(5.) “Authors that deal in long sentences, are very apt to be faulty.”—Blair cor. “Writers that deal,” &c.—Murray cor. “The neuter gender denotes objects that are neither male nor female.”—Merchant cor. “The neuter gender denotes things that have no sex.”—Kirkham cor. “Nouns that denote objects neither male nor female, are of the neuter gender.”—Wells’s Gram. of late, p. 55. Better thus: “Those nouns which denote objects that are neither male nor female, are of the neuter gender.”—Wells cor. “Objects and ideas that have been long familiar, make too faint an impression to give an agreeable exercise to our faculties.”—Blair cor. “Cases that custom has left dubious, are certainly within the grammarian’s province.”—L. Murray cor. “Substantives that end in ery, signify action or habit.”—Id. “After all that can be done to render the definitions and rules of grammar accurate.”—Id. “Possibly, all that I have said, is known and taught.”—A. B. Johnson cor.
(6.) “It is a strong and manly style that should chiefly be studied.”—Blair cor. “It is this [viz., precision] that chiefly makes a division appear neat and elegant.”—Id. “I hope it is not I that he is displeased with.”—L. Murray cor. “When it is this alone that renders the sentence obscure.”—Campbell cor. “This sort of full and ample assertion, ‘It is this that,’ is fit to be used when a proposition of importance is laid down.”—Blair cor. “She is not the person that I understood it to have been.”—L. Murray cor. “Was it thou, or the wind, that shut the door?”—Inst., p. 267. “It was not I that shut it.”—Ib.
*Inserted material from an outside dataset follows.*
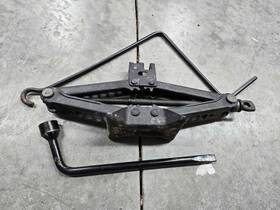 Toyota 911106151 2012 - 2017 Camry Jack And Tool Kit Complete As Pictured Oem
(7.) “He is not the person that he seemed to be.”—Murray and Ingersoll cor. “He is really the person that he appeared to be.”—Iid. “She is not now the woman that they represented her to have been.”—Iid. “An only child is one that has neither brother nor sister; a child alone is one that is left by itself, or unaccompanied.”—Blair, Jam., and Mur., cor.
UNDER NOTE VII.—RELATIVE CLAUSES CONNECTED.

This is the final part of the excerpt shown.